WORK INSTRUCTION:
Pictures in the listing below are skipped, while the lines from the "Cannibal Girls-1973-Poster-3.jpg" line through the "dbff9d_477e09bcf72642bcb235aefb1d8d951amv2.jpg Disco Duro" line are returned word for word.

LISTED ENTRIES:
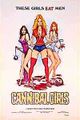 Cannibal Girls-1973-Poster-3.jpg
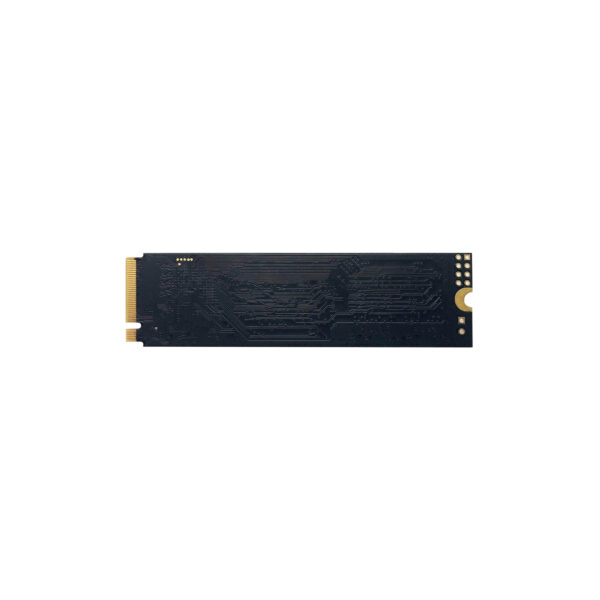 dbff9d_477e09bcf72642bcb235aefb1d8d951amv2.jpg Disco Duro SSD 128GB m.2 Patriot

---

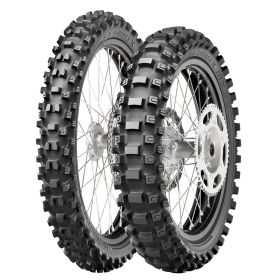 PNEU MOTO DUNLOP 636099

==

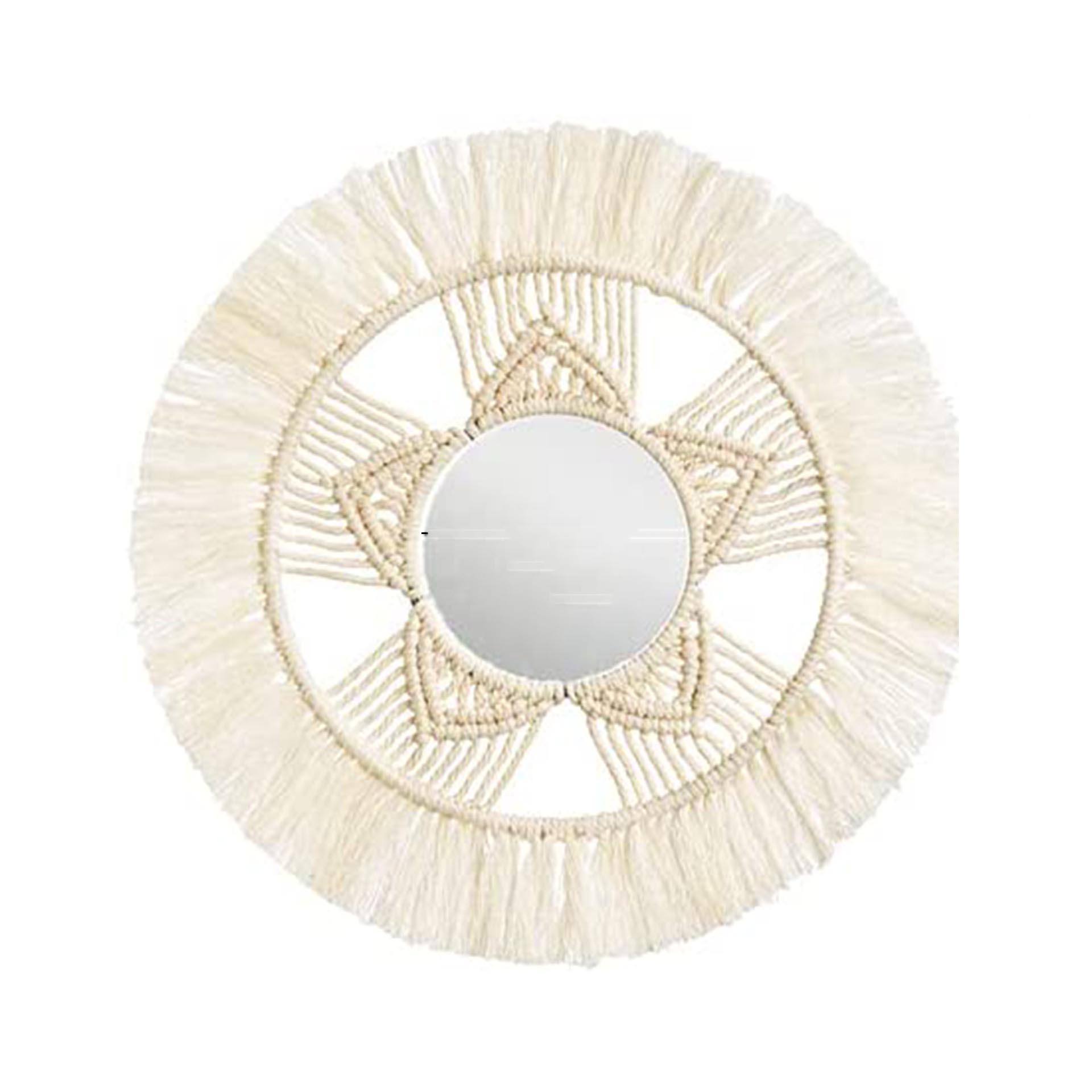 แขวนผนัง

WRITTEN SOLUTION:
 Cannibal Girls-1973-Poster-3.jpg
 dbff9d_477e09bcf72642bcb235aefb1d8d951amv2.jpg Disco Duro SSD 128GB m.2 Patriot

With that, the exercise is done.